■ What is being asked
The listing below holds a line with "Пляжное полотенце акварельное" and a later line with "Mickey Mouse Icon Navy Pinstripe Tie for Men". Write out those two lines and every line between them, exactly, and nothing else.

-- Information follows --

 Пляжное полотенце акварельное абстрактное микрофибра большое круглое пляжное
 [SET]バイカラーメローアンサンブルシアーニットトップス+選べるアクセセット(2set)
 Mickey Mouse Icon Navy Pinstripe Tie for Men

-- Information concluded --
-- Information follows --

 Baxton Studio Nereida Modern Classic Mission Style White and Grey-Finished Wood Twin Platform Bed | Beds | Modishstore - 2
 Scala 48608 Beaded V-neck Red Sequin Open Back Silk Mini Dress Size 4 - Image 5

-- Information concluded --

■ Solution for this exercise
 Пляжное полотенце акварельное абстрактное микрофибра большое круглое пляжное
 [SET]バイカラーメローアンサンブルシアーニットトップス+選べるアクセセット(2set)
 Mickey Mouse Icon Navy Pinstripe Tie for Men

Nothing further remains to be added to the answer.